[Opening MATERIAL PROVIDED section]

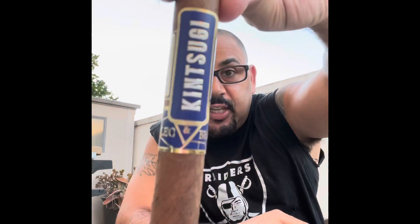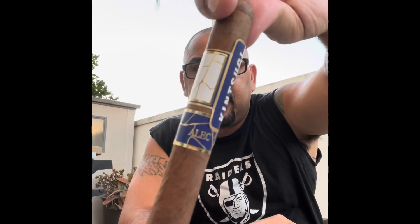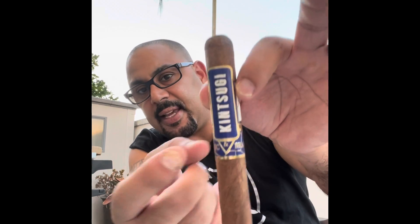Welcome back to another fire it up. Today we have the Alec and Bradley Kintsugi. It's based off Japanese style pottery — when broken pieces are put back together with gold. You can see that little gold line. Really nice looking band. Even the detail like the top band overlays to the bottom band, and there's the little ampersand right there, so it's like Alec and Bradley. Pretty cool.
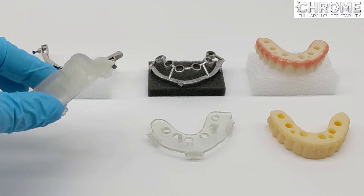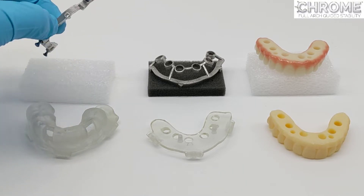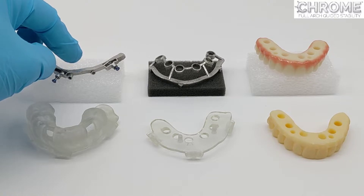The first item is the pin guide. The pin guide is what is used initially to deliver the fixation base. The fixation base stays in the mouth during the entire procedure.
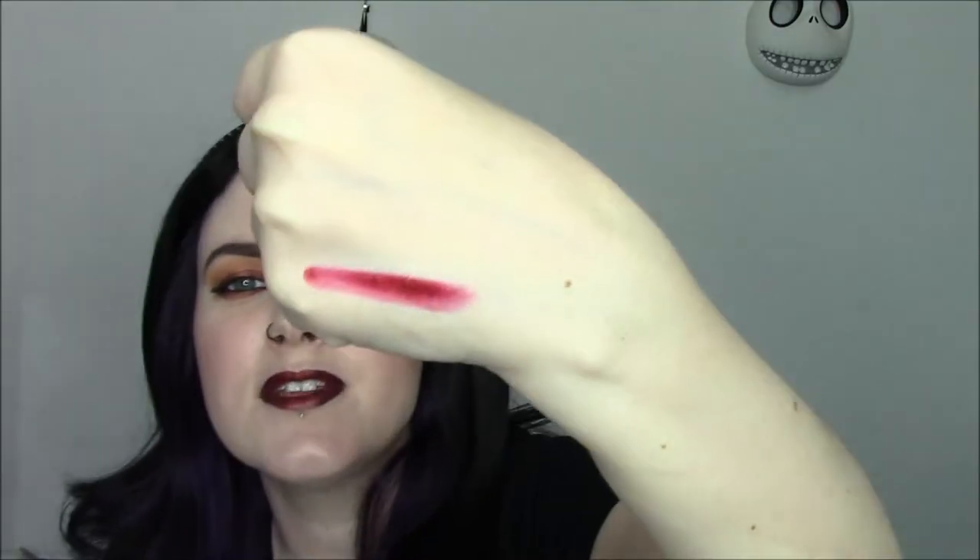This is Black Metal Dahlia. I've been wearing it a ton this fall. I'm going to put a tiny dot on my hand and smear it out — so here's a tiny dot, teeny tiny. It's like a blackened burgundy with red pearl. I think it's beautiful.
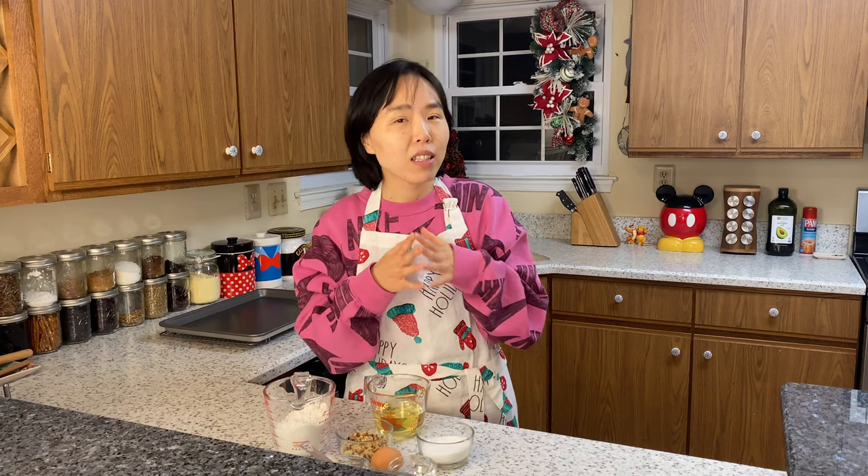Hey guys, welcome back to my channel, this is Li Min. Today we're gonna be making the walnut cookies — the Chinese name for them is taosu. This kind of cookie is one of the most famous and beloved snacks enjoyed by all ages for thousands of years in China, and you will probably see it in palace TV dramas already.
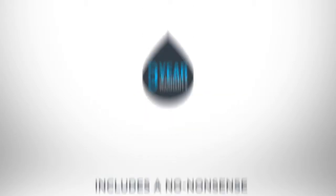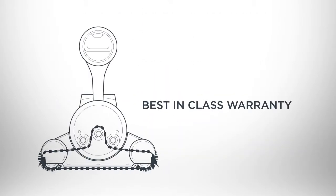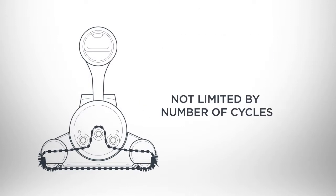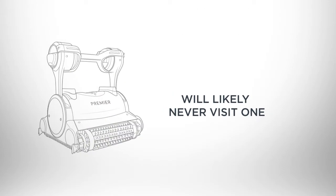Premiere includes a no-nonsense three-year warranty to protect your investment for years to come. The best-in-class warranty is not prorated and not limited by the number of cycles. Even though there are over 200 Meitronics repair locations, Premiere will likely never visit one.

[Closing MATERIAL PROVIDED section]
[Opening MATERIAL PROVIDED section]

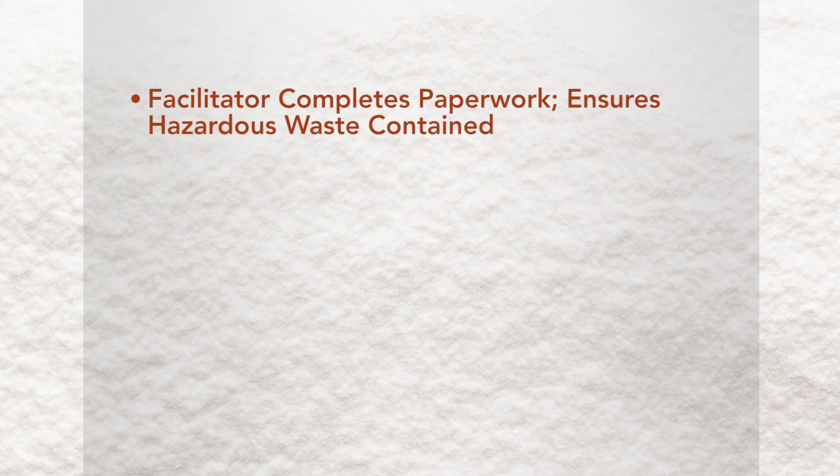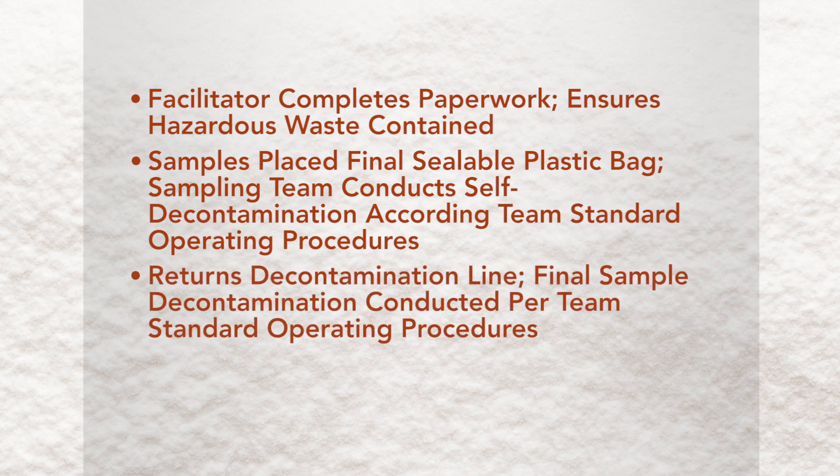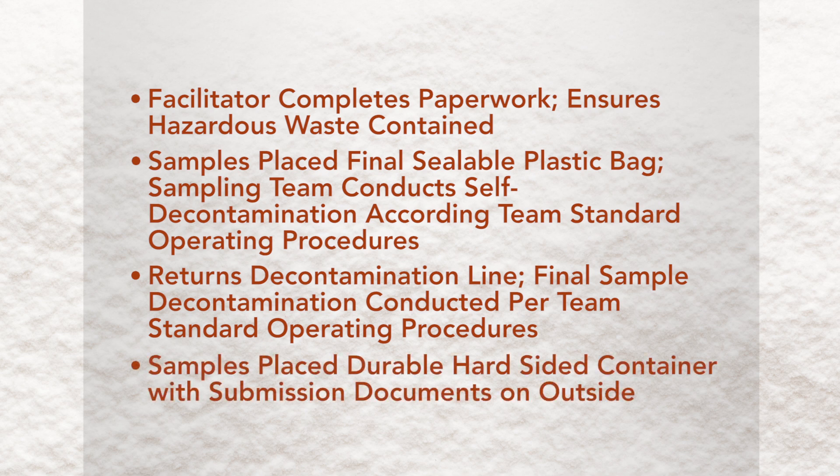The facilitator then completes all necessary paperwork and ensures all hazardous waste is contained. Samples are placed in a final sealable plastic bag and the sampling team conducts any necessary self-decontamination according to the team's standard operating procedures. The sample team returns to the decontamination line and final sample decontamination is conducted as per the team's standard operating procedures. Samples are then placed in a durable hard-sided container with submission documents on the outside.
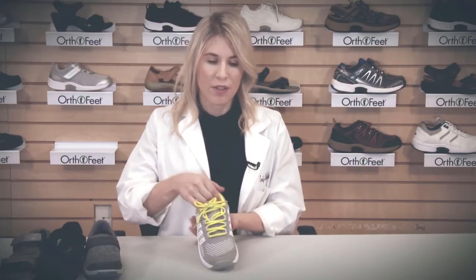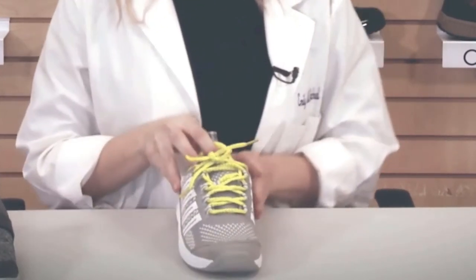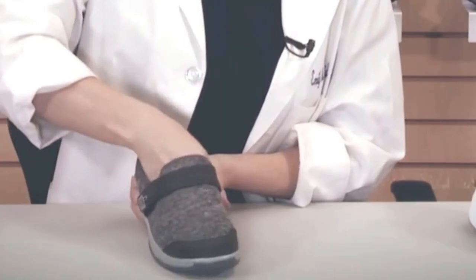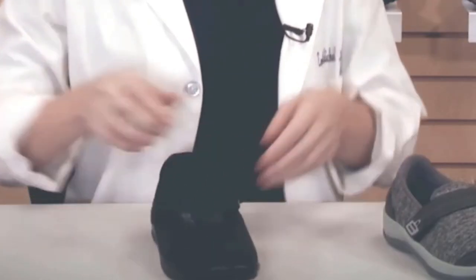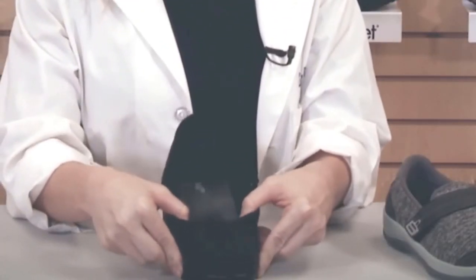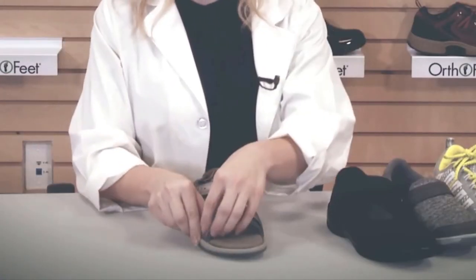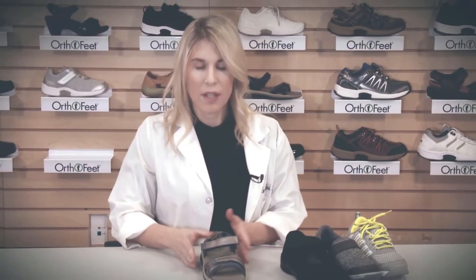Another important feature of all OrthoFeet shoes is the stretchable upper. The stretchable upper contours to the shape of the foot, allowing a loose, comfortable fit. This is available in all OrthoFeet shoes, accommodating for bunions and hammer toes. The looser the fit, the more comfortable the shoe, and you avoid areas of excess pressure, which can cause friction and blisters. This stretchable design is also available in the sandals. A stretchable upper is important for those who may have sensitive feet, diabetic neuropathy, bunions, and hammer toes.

[Closing MATERIAL PROVIDED section]

**EXERCISE**
Start at the line above containing "The first item" and stop at the line containing "Premiere includes a": print those lines and everything between them exactly, but not the pictures.

**TASK RESULT**
The first item is the pin guide. The pin guide is what is used initially to deliver the fixation base. The fixation base stays in the mouth during the entire procedure.
This is Black Metal Dahlia. I've been wearing it a ton this fall. I'm going to put a tiny dot on my hand and smear it out — so here's a tiny dot, teeny tiny. It's like a blackened burgundy with red pearl. I think it's beautiful.
Hey guys, welcome back to my channel, this is Li Min. Today we're gonna be making the walnut cookies — the Chinese name for them is taosu. This kind of cookie is one of the most famous and beloved snacks enjoyed by all ages for thousands of years in China, and you will probably see it in palace TV dramas already.
Premiere includes a no-nonsense three-year warranty to protect your investment for years to come. The best-in-class warranty is not prorated and not limited by the number of cycles. Even though there are over 200 Meitronics repair locations, Premiere will likely never visit one.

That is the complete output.